I am working with an Irish software company whose product is aimed at a global market but primarily the US. We are revamping our website and moving from its current shared hosting in the US to a VPS hosted in Ireland. Will this have a negative impact on our Google ranking for US users, in comparison to having it physically hosted in the US? [FONT="]If so, how significant a factor is the hosting location in the context of all the other factors Google takes into account? [/FONT]We have a .com domain btw.
Hi Frank - I'm with Blacknight on this first bit. Irish hosting is pretty solid, reliable and with a lot of customer focus. Some clients host in the US because of their web developer and it's just not the same. If it helps, we take clients from Irish targeting to International audiences without the need to move hosting from Ireland. In most cases, these sites either have ccTLD or a .com with the GL set but very few are country spanning.
I know we can use the Google webmaster tools to set the geographic location to the US, but will that affect our ranking in other countries such as Australia? If we set the geographic location to unlisted, will Google then rank us lower for searches in the US by virtue of us having an Irish IP address?
This is a different - and important question - to the one you raised. If you set the Geo Target to the US then you could cause yourself some issues and its going to be difficult to backtrack. Some points of logic that may help:
1. Google may continue to consider your site as US (and/or other countries) orientated regardless of the move (may)
2. When Google guesses where your site is from and you override it - it may accept it, override it or worse - show for neither
3. Google may decide to switch your site on move
4. GL setting tends to be one country
So just beware that if you set it , you may lose some, you may not, you may be able to go back, you may not. It's entirely different if your site was in Ireland, you moved to the USA and then moved back
The problem is this - if you have an old site (pre-single geo-target designation) then it may span 2 or more countries. Often you might see an Irish site rank in "pages from Ireland" and also in "Pages from the UK", most likely when they have a presence, links and traffic from both. This is generally how Google does it.
Having a site being seen as from that geo-location obviously helps as they get a priority over external ones - unless they have huge authority.

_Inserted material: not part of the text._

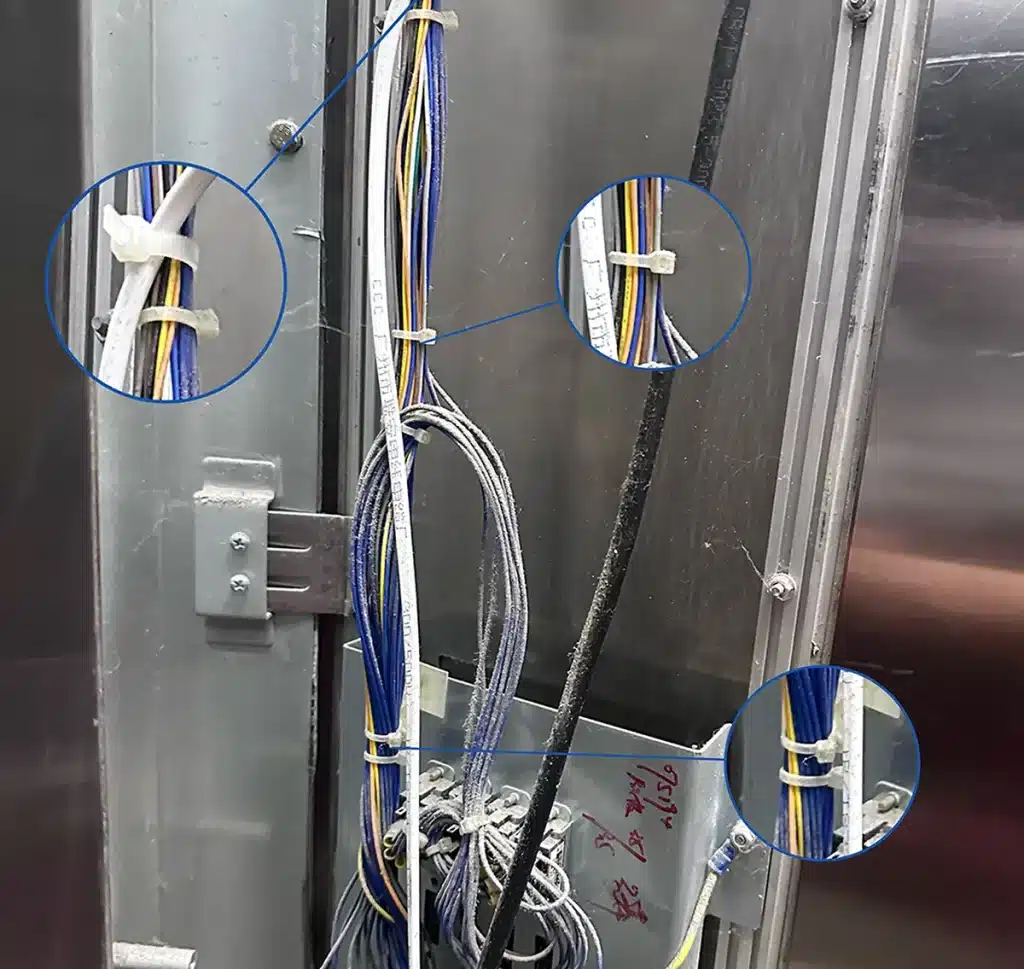 Cable ties fixing vertical wire bundles behind an elevator button panel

Before you move or change your target, you should really assess what you have:
For example, if you had a search phrase that was unique - e.g. Kylemore Abbey - chances of their being a local competitor in Australia, UK, USA are small to nil, therefore your site would rank even if you set the GL to Albania (within limits).
How to assess your site:
1. Test what local searches you are local to (i.e. go to google.co.uk search with pages from the UK and search for "mydomain.com" in quotation marks). If you see your domain in the organic results, you can assume you have a GL for the UK. Take the highest visitors from countries
2. Assess the geo-located links you have from each country
3. Consider developing a localised site (e.g. mysite.au or mysite.ca) or using sub-sites (mysite.com/france or mysite.com/fr/) to minimise any risks now or if Google decides to change it's GL down the line...
Hope that helps.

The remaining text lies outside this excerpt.